Apesar de estabelecer metas de longo prazo, o projeto de lei em questão tampouco se assemelha a uma “nova Constituição”, como alegam as publicações.

O PL 1/2023 “é um projeto de lei ordinária e, como tal, caso ele venha a se tornar uma lei, o Parlamento poderia depois revogar ou alterar seus pontos”, explicou ao AFP Checamos Francisco Zardo, da Dotti Advogados e conselheiro estadual da Ordem dos Advogados do Brasil (OAB) do Paraná, em 6 de janeiro de 2023, ressaltando que o próprio texto prevê que a Política Nacional de Longo Prazo seja revista a cada 12 anos.

Para mudar a Constituição, é necessário que o Congresso aprove uma Proposta de Emenda Constitucional (PEC), e não uma lei ordinária. “E mesmo uma PEC não é imutável”, detalhou Zardo, explicando que as chamadas cláusulas pétreas da Constituição são as que não são passíveis de alteração.

Não há “nenhuma semelhança” entre o PL 1/2023 e uma nova Constituição, ressaltou o advogado, pontuando que a aprovação de uma nova Constituição implicaria na convocação de uma assembleia constituinte.

“Esse Plano Estratégico trata de temas absolutamente genéricos, [enquanto] nossa Constituição trata dos direitos fundamentais, trata da organização do Poder Legislativo, Poder Executivo, Poder Judiciário, indígenas, adolescentes, crianças, Previdência, orçamento, administração pública... Isso aqui [o projeto de lei] não trata de nada disso”, finalizou.

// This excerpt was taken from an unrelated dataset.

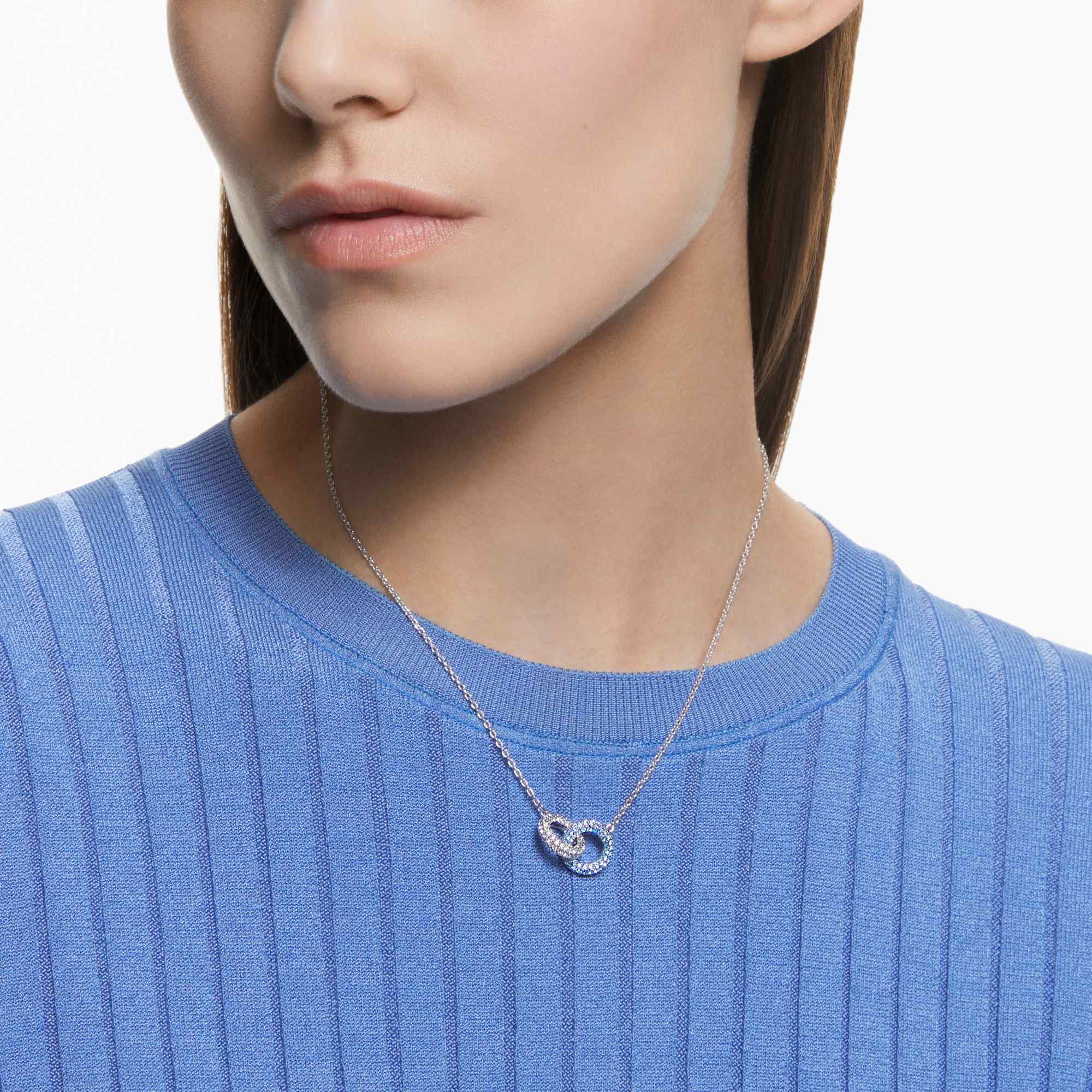 dextera-necklace-pavC3A9-intertwined-circles-blue-rhodium-plated-swarovski-5642883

Carlos Fico, historiador e professor de História do Brasil na Universidade Federal do Rio de Janeiro (UFRJ), acrescentou que, na história brasileira, o único documento semelhante ao plano proposto pelo PL 1/2023 foi o “Conceito Estratégico Nacional”, de 1968, elaborado durante a ditadura militar.

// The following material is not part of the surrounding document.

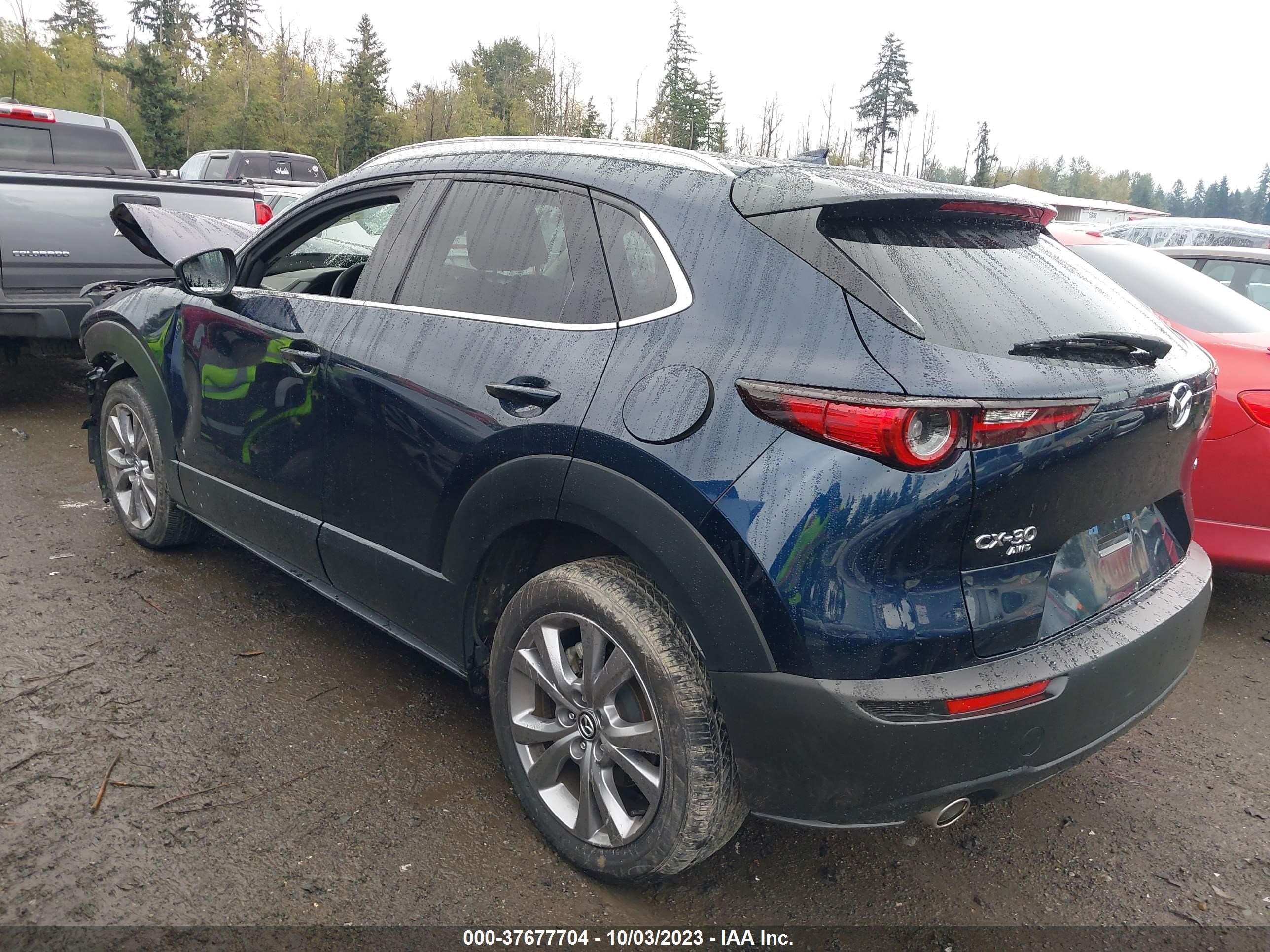 Photo 2 VIN: 3MVDMBDL4MM272137 - MAZDA CX-30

“Houve documentos que registravam iniciativas de planejamento econômico, antes e durante a ditadura, mas tinham perfil técnico, não se parecendo com este, que tem viés ideológico explícito”, disse.

O AFP Checamos também procurou a Presidência da República, mas não obteve retorno até a publicação desta checagem.